In der Betriebshaftpflichtversicherung der Haftpflichtkasse gelten für mitversicherte Personen und Tochtergesellschaften dieselben Bestimmungen wie für den Versicherungsnehmer – doch die Rechte aus dem Vertrag übt allein der Versicherungsnehmer aus. Auch beim Abtretungsverbot des Freistellungsanspruchs gibt es klare Regeln mit einer wichtigen Ausnahme.

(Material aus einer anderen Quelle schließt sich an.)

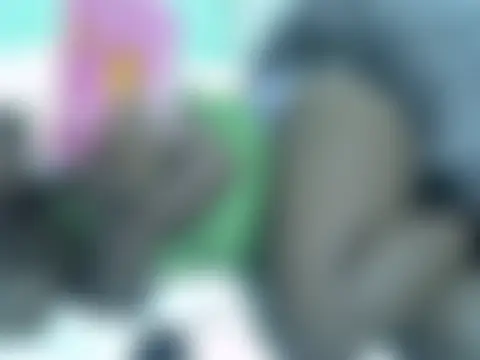 חדר צ'אט בשידור חי של Prettybootty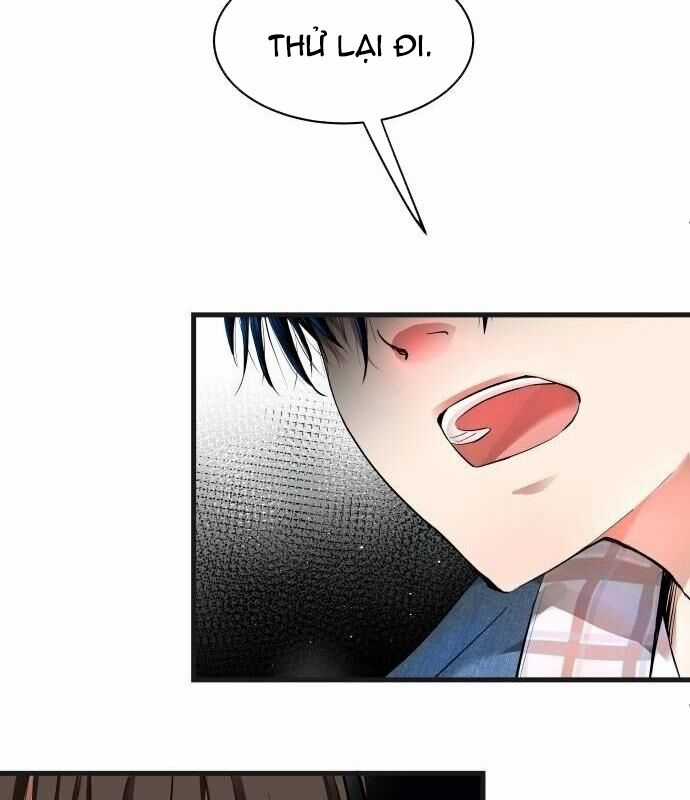 Vinh Quang Vô Tận Chapter 6 trang 184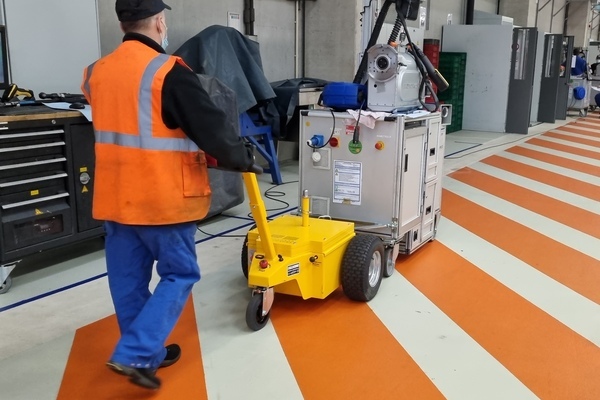 20220125_103056 (1) (1)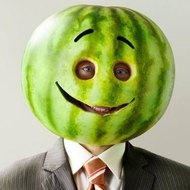 Interesting video/Интересное видео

Rechte und Pflichten mitversicherter Personen und Tochtergesellschaften:
- Alle für den Versicherungsnehmer geltenden Bestimmungen sind entsprechend auf die mitversicherten Personen und/oder Tochtergesellschaften des Versicherungsnehmers anwendbar.

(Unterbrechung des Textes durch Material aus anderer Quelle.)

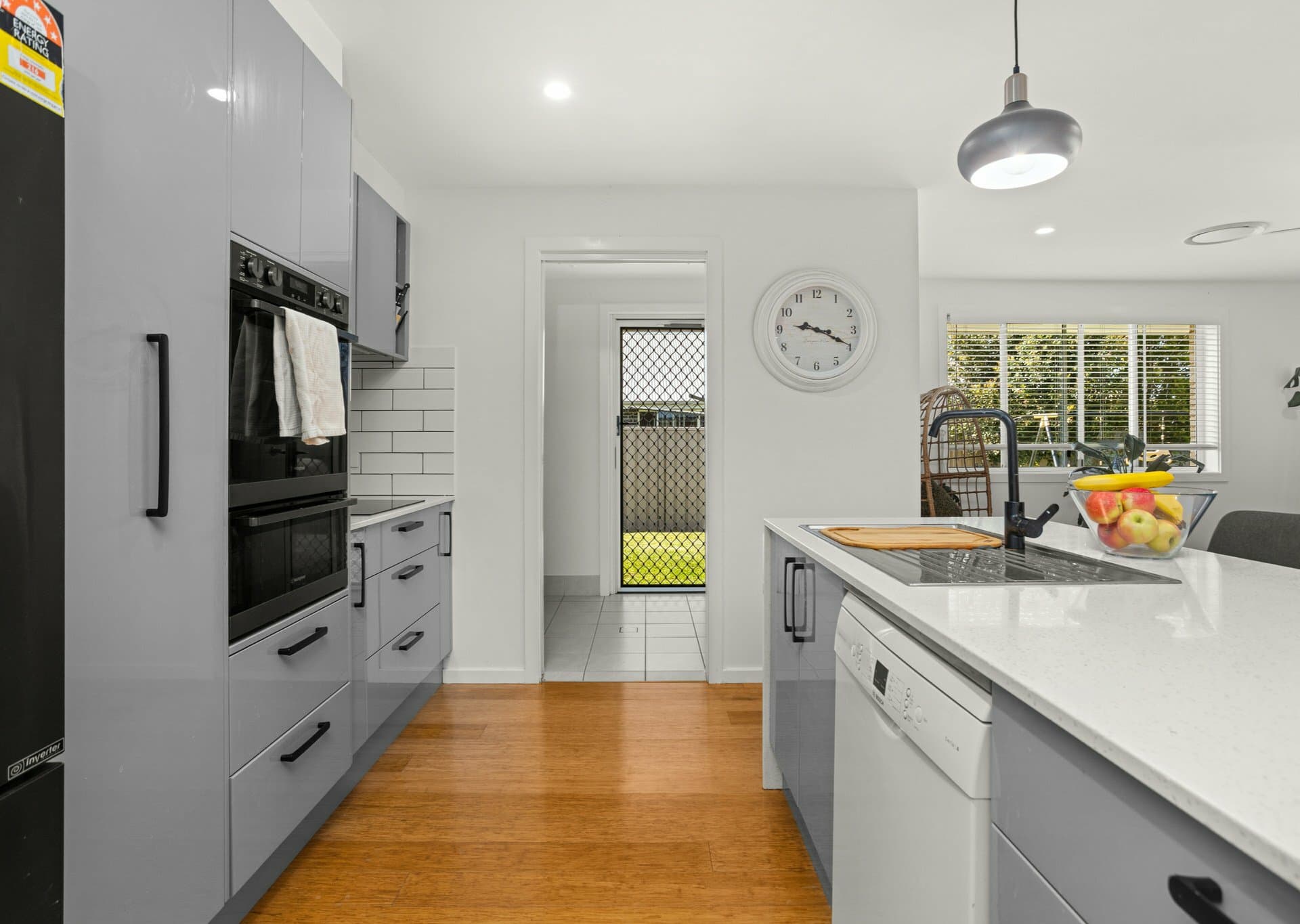28 Shantull Drive, Wallabi Point, Wallabi Point - Thumbnail 7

- Die Ausübung der Rechte aus dem Versicherungsvertrag steht ausschließlich dem Versicherungsnehmer zu.
- Der Versicherungsnehmer ist neben den mitversicherten Personen und/oder Tochtergesellschaften für die Erfüllung der Obliegenheiten verantwortlich.
Abtretungsverbot:
- Der Freistellungsanspruch darf vor seiner endgültigen Feststellung ohne Zustimmung des Versicherers weder abgetreten noch verpfändet werden.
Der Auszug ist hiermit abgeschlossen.